What you will do —
Throughout the material below, tally the lines containing "calm" and give the total with no accompanying text.

Source material —
○ ○ ○ ○ ○ ○ ○

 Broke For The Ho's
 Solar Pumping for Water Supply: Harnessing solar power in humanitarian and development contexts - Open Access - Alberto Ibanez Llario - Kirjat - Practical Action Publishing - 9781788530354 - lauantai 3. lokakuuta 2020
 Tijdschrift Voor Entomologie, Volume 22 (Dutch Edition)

○ ○ ○ ○ ○ ○ ○

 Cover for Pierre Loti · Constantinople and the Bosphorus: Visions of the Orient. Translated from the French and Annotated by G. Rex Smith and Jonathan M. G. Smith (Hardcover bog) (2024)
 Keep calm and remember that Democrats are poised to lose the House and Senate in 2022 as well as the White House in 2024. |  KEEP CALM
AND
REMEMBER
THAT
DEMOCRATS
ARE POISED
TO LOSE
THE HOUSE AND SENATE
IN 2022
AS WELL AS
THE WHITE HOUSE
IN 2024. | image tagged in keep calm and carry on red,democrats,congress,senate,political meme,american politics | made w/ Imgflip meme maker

○ ○ ○ ○ ○ ○ ○

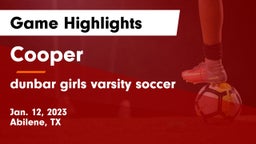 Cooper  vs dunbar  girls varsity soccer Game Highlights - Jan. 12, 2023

○ ○ ○ ○ ○ ○ ○

Result of this exercise —
2